简单绑定

Question

OpenLDAP 支持两种身份验证方法（simple和SASL），而SASL是 ldap-utils 等的默认方法ldapsearch。

当您使用 DN 进行身份验证时，您会执行所谓的“简单绑定”。

简单绑定

该simple方法具有三种操作模式：

匿名的
未经验证的
用户/密码已验证

例如：

# ldapwhoami -x
anonymous

或者：

# ldapwhoami -x -D uid=rda,ou=people,dc=phys,dc=ethz,dc=ch -w secret1234
dn:uid=rda,ou=people,dc=phys,dc=ethz,dc=ch

SASL

OpenLDAP 客户端和服务器能够通过简单身份验证和安全层 (SASL) 框架进行身份验证，详细信息请参见RFC4422。 SASL 支持多种身份验证机制。 OpenLDAP 最常见的机制是EXTERNAL和GSSAPI。

这外部的机制利用由较低级别协议执行的身份验证：通常是 TLS 或 Unix IPC。例如，使用 Unix IPC 作为用户 root：

# ldapwhoami -Y EXTERNAL -H ldapi://
SASL/EXTERNAL authentication started
SASL username: gidNumber=0+uidNumber=0,cn=peercred,cn=external,cn=auth
SASL SSF: 0
dn:gidNumber=0+uidNumber=0,cn=peercred,cn=external,cn=auth

经过身份验证的用户被映射到树中的 DN cn=peercred,cn=external,cn=auth。

这GSAPI机制通常指 Kerveros 5。

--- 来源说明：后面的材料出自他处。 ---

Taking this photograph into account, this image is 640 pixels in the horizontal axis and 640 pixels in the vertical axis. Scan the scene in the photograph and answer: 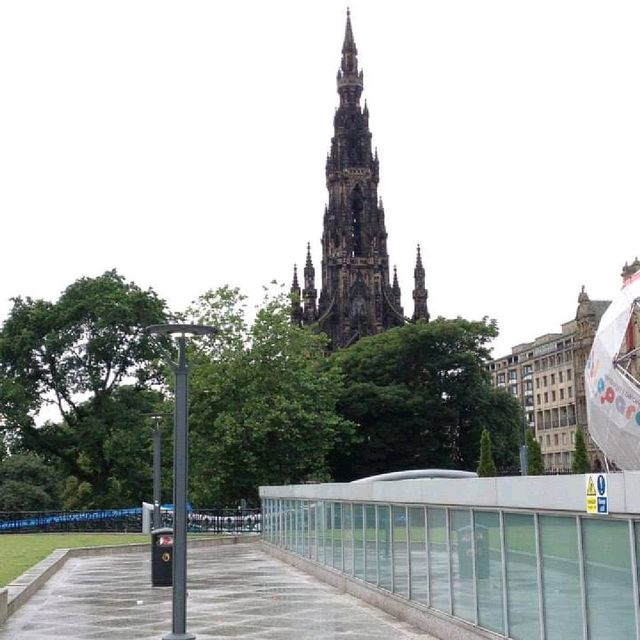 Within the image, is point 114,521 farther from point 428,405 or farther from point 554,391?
point 554,391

如果您部署了 Kerberos 5 基础设施，则可以使用 Kerberos 主体进行身份验证。

首先针对 KDC 进行身份验证并获取 TGT：

# kinit rda
Password for [email protected]: secret1234

然后您可以使用 GSSAPI 针对 OpenLDAP 进行身份验证：

# ldapwhoami
SASL/GSSAPI authentication started
SASL username: [email protected]
SASL SSF: 56
SASL data security layer installed.
dn:uid=rda,cn=gssapi,cn=auth

主体[email protected]映射到树中的 DN cn=gssapi,cn=auth。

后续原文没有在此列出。